Repeat the listing in full, word for word.
==== SUPPLIED MATERIAL
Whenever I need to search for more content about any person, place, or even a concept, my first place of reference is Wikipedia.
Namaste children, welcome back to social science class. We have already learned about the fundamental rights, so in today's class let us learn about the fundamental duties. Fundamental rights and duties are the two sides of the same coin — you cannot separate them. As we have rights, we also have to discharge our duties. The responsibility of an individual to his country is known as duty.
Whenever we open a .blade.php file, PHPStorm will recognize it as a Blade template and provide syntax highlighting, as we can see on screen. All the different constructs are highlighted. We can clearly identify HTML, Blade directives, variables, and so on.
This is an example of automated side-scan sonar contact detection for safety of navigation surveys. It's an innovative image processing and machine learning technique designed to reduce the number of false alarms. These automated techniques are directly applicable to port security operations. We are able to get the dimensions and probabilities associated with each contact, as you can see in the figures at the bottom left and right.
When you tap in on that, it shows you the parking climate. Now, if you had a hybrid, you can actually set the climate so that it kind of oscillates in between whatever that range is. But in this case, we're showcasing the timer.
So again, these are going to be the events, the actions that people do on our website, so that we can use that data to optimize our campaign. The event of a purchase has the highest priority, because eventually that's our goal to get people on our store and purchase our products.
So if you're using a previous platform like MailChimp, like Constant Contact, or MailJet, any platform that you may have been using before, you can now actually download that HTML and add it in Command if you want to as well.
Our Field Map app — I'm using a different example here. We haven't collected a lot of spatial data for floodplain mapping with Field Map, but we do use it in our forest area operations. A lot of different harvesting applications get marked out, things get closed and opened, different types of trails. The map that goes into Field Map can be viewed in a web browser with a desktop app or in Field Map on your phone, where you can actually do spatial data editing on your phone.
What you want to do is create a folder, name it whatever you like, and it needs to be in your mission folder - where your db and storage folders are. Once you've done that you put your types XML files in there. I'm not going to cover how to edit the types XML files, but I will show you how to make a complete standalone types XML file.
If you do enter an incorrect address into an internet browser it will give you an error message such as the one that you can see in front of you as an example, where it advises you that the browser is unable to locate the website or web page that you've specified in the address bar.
========
■ **ANSWER BOX**:
Whenever I need to search for more content about any person, place, or even a concept, my first place of reference is Wikipedia.
Namaste children, welcome back to social science class. We have already learned about the fundamental rights, so in today's class let us learn about the fundamental duties. Fundamental rights and duties are the two sides of the same coin — you cannot separate them. As we have rights, we also have to discharge our duties. The responsibility of an individual to his country is known as duty.
Whenever we open a .blade.php file, PHPStorm will recognize it as a Blade template and provide syntax highlighting, as we can see on screen. All the different constructs are highlighted. We can clearly identify HTML, Blade directives, variables, and so on.
This is an example of automated side-scan sonar contact detection for safety of navigation surveys. It's an innovative image processing and machine learning technique designed to reduce the number of false alarms. These automated techniques are directly applicable to port security operations. We are able to get the dimensions and probabilities associated with each contact, as you can see in the figures at the bottom left and right.
When you tap in on that, it shows you the parking climate. Now, if you had a hybrid, you can actually set the climate so that it kind of oscillates in between whatever that range is. But in this case, we're showcasing the timer.
So again, these are going to be the events, the actions that people do on our website, so that we can use that data to optimize our campaign. The event of a purchase has the highest priority, because eventually that's our goal to get people on our store and purchase our products.
So if you're using a previous platform like MailChimp, like Constant Contact, or MailJet, any platform that you may have been using before, you can now actually download that HTML and add it in Command if you want to as well.
Our Field Map app — I'm using a different example here. We haven't collected a lot of spatial data for floodplain mapping with Field Map, but we do use it in our forest area operations. A lot of different harvesting applications get marked out, things get closed and opened, different types of trails. The map that goes into Field Map can be viewed in a web browser with a desktop app or in Field Map on your phone, where you can actually do spatial data editing on your phone.
What you want to do is create a folder, name it whatever you like, and it needs to be in your mission folder - where your db and storage folders are. Once you've done that you put your types XML files in there. I'm not going to cover how to edit the types XML files, but I will show you how to make a complete standalone types XML file.
If you do enter an incorrect address into an internet browser it will give you an error message such as the one that you can see in front of you as an example, where it advises you that the browser is unable to locate the website or web page that you've specified in the address bar.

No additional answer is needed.